Rust beginner notes & questions

I think the case you lay out for read2 over read is compelling in the sense that an API like read2 needs to be created for Rust. It may even need pushed into the standard library at some point, and read reimplemented in terms of read2 at some point. That being said, I don't see why it isn't entirely appropriate to create and iterate on such an API on crates.io and only once the kinks are worked out worry about whether or not it belongs in the standard library.

As has been pointed out, even C# with .Net Core is moving more away from a monolithic standard library and more towards a model similar to cargo (Nuget).
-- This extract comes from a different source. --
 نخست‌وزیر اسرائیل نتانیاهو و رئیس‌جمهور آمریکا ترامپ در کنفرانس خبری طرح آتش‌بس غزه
You seem to have a lot of low-level, yet, Enterprise-class experience that could be good for the Rust community. I think that no one here takes your insights lightly, I think there is just disagreement about the balance between what needs to be in the standard library vs what needs to be developed and nurtured in crates.io.

8 Likes

I don't think this blindly assumes a file can't be greater than u32 (equiv to usize on 32-bit); rather, I think it says, "If I'm on a platform with a maximum (directly) addressable range of 32-bits, I can't mmap a file bigger than that." Granted, there are ways to do paging/windowing and such (as you've described), but, this is simply a wrapper around the platform's mmap implementation, and that would not support anything to be mmappable greater than the usize for that platform.

Having a flip through the memmap-rs crate shows that in this case it's technically correct to return Result<usize> based on the description of get_len(), but this is confusing for the user.

Files can be bigger than u32::MAX, and it's always been possible to memory-map files bigger than 4 GB on 32-bit platforms, exactly the same way it's been possible to read files of arbitrary size using streaming APIs since forever.

The "mapped window size", and the "file size" are distinct concepts, only the former is limited to isize (not usize!). The memmap-rs crate conflates the two in several places. Similarly, it uses the wrong integer type for the "offset into the file":

https://github.com/danburkert/memmap-rs/blob/b8b5411fcac76560a9dccafd512fa12044dd64b3/src/lib.rs#L89-L92

The offset should always be u64, even on 32-bit platforms. For example MapViewOfFileEx takes dwFileOffsetHigh and dwFileOffsetLow parameters so that 64-bit offsets can be passed in using two 32-bit DWORD parameters. I think this API has been there since... NT 3.11 or NT 4. I dunno. A long time, certainly.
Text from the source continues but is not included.